昨年の初め,アメリカ生理学会主催による科学論文執筆法の合宿ワークショップに参加してその具体的な教育法を体験し理解した私は,昨年夏の一時帰国時に,行く先々でそのような教育の重要性を訴え回った.そして昨年末の二度目の一時帰国時には,講師数名でやるアメリカ生理学会方式を講師一名の小規模にアレンジして,同様の合宿ワークショップを日本人対象で行ってみた.講師も受講者も,ワークショップ以前からかなりのエネルギーを使うワークショップであったが,それだけ,手ごたえもあった.

そのワークショップの報告記が,我々体育科学研究の専門誌,「体育の科学」誌の今月号(5月号)に掲載された.

この報告記を読んだ人達が,そのような教育の重要性を強く認識して行動に移してもらえれば,と願っている.院生やジュニア研究者達はこのような教育を真剣にリクエストし,シニア研究者達がお互いに協力しあって,このような教育を与えるシステムを作っていこうとする.もし,この経験と報告記が,そういう波を作り出す一投石にでもなれば,うれしい限りである.

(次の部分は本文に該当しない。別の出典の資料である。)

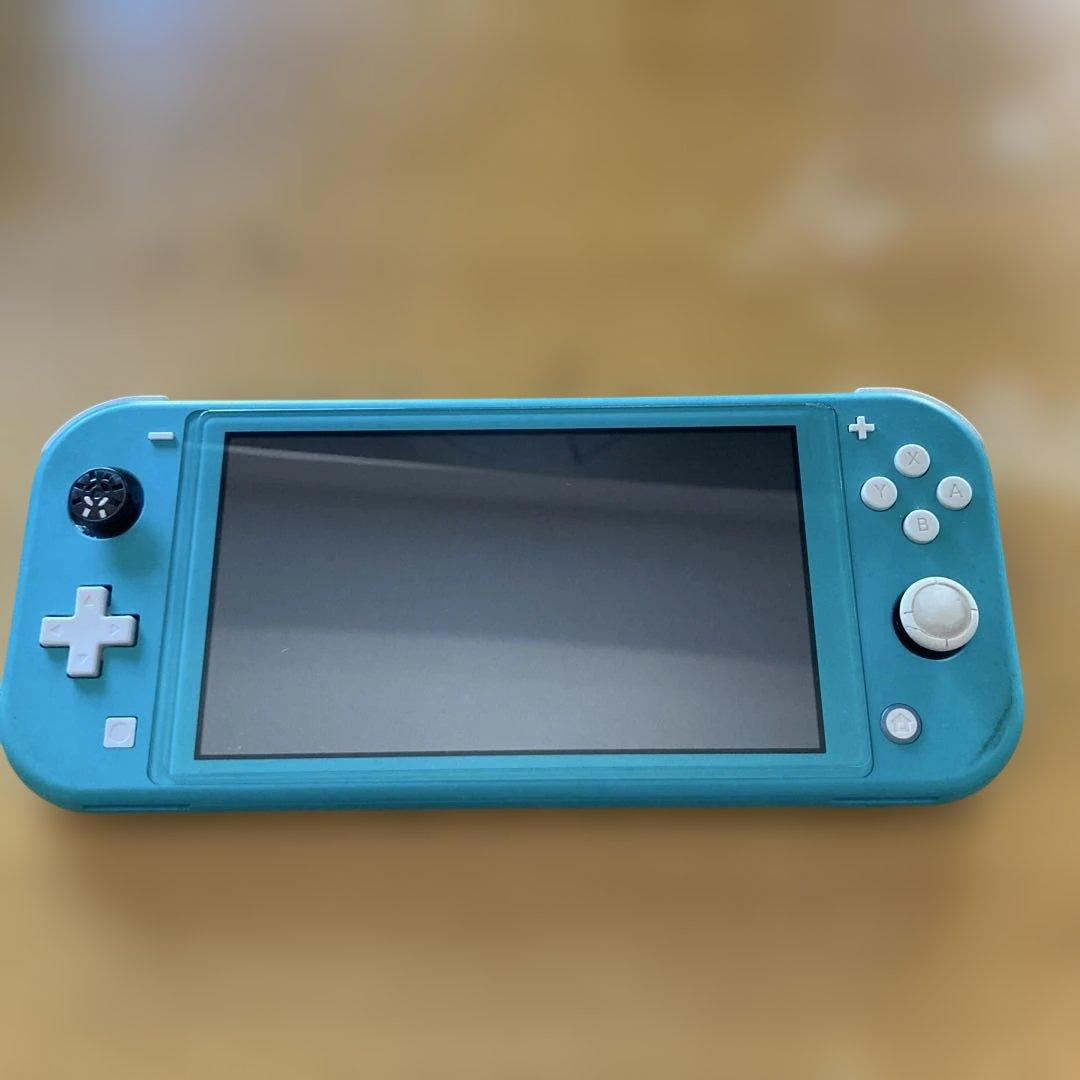 Nintendo Switch Lite 本体　ターコイズ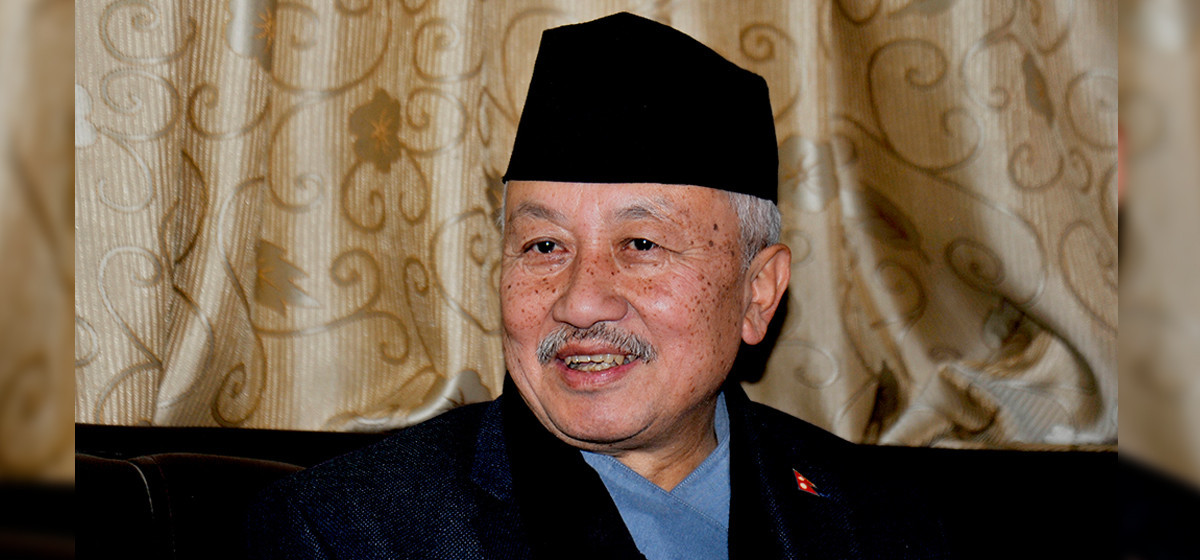 Nembang demands probe into whether finance minister hired unauthorized people for budget formulation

あれから数ヶ月経ち,受講者から「投稿しました」「アクセプトされました」という知らせが届くたびに,単純にうれしい気持ちになり,ビールで乾杯したくなる.そして,「自分も書かなきゃ」と叱咤激励された気持ちにもなってくる.

あのワークショップは,受講者のためだけではなかった.


shinojpn at 08:19│Comments(2) プロフ生活 

この記事へのコメント

1. Posted by 村上   May 04, 2013 12:58
篠原先生
ワークショップでは大変お世話になりました。あのワークショップに参加して、本当に、心から良かったと思えます。また今後とも、ご指導いただければ幸いです。そして、自分もまた、学んだことを、後輩に伝えていけれるように頑張ろうと思います。本当に、ありがとうございましたー!!!
2. Posted by Shino   May 04, 2013 22:37
村上さん,満足してもらえてよかったです.

なるべく多くの人にこの話をして,経験者として,そういう教育が必要だという機運を盛り上げてみてください.